Following a squirrel that sported among the trees, we had strayed from the beaten track, when, through the leafless branches, we caught sight of roofs and houses and, wandering towards them, found ourselves by the side of a miniature lake, round whose margin were grouped the daintiest rural cottages that monarch could desire or Court architect design.
History had told us of the creation of this unique plaything of the capricious Queen, but we had thought of it as a thing of the past, a toy whose fragile beauty had been wrecked by the rude blows of the Revolution. The matter-of-fact and unromantic Baedeker, it is true, gives it half a line. After devoting pages to the Chateau, its grounds, pictures, and statues, and detailing exhaustively the riches of the Trianons, he blandly mentions the gardens of the Petit Trianon as containing “some fine exotic trees, an artificial lake, a Temple of Love, and a hamlet where the Court ladies played at peasant life.”
It is doubtful whether ten out of every hundred tourists who, Baedeker in hand, wander conscientiously over the grand Chateau—Palace, alas! no longer—ever notice the concluding words, or, reading its lukewarm recommendation, deem the hamlet worthy of a visit. The Chateau is an immense building crammed with artistic achievements, and by the time the sightseer of ordinary capacity has seen a tenth of the pictures, a third of the sculpture, and a half of the fountains, his endurance, if not all his patience, is exhausted.

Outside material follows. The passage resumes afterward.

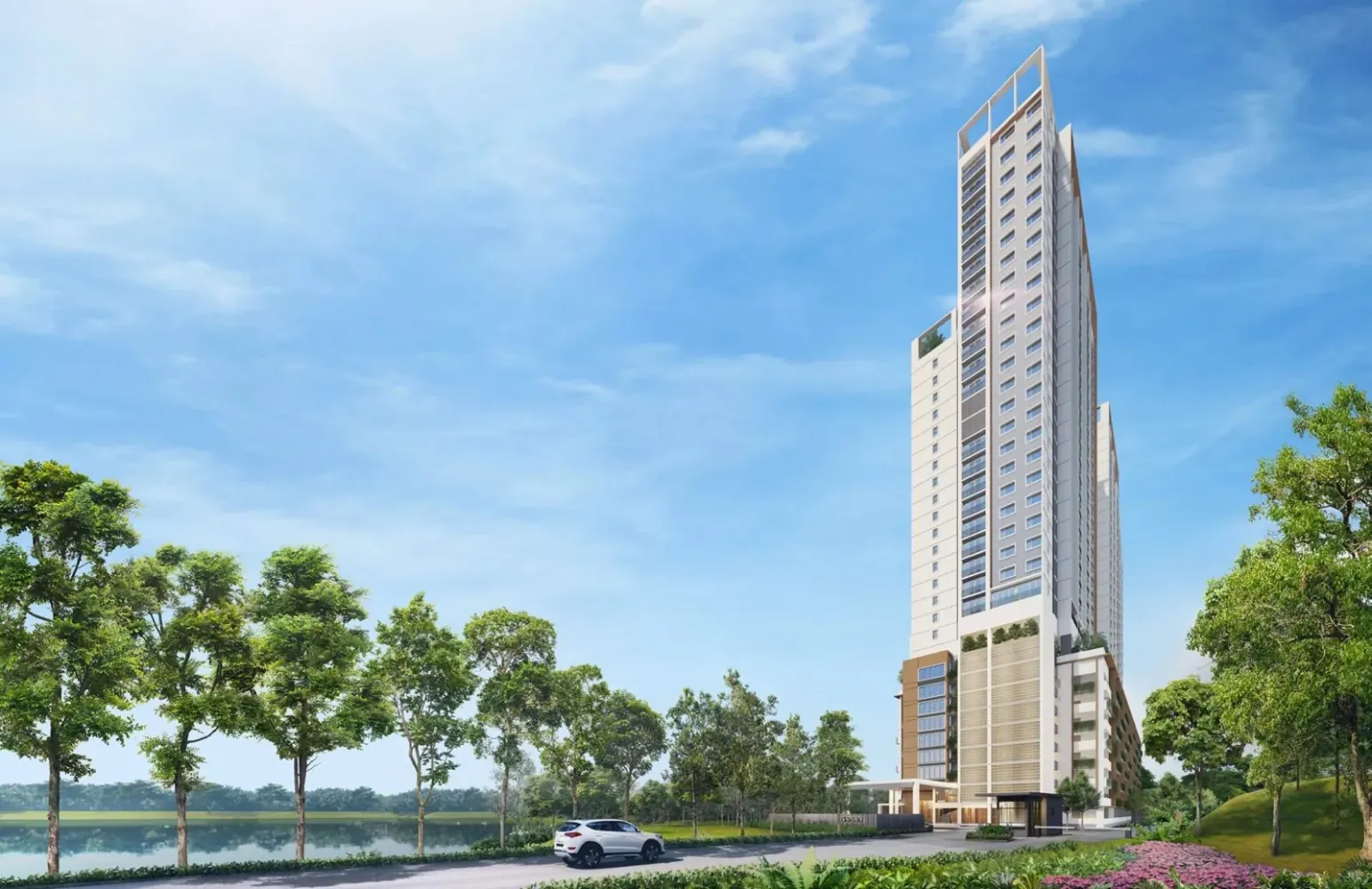 Danau Puchong tower viewed across the lake with surrounding greenery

I must acknowledge that we, too, had visited Versailles without discovering that the hameau still existed; so to chance upon it in the sunset glow of that winter evening seemed to carry us back to the time when the storm-cloud of the Revolution was yet no larger than a man’s hand; to the day when Louis XVI., making for once a graceful speech, presented the site to his wife, saying: “You love flowers. Ah! well, I have a bouquet for you—the Petit Trianon.” And his Queen, weary of the restrictions of Court ceremony—though it must be admitted that the willful Marie Antoinette ever declined to be hampered by convention—experiencing in her residence in the little house freedom from etiquette, pursued the novel pleasure to its furthest by commanding the erection in its grounds of a village wherein she might the better indulge her newly fledged fancy for make-believe rusticity.
About the pillars supporting the verandah-roof of the chief cottage and that of the wide balcony above, roses and vines twined lovingly. And though it was the first day of January, the rose foliage was yet green and bunches of shrivelled grapes clung to the vines. It was lovely then; yet a day or two later, when a heavy snowfall had cast a white mantle over the village, and the little lake was frozen hard, the scene seemed still more beautiful in its ghostly purity.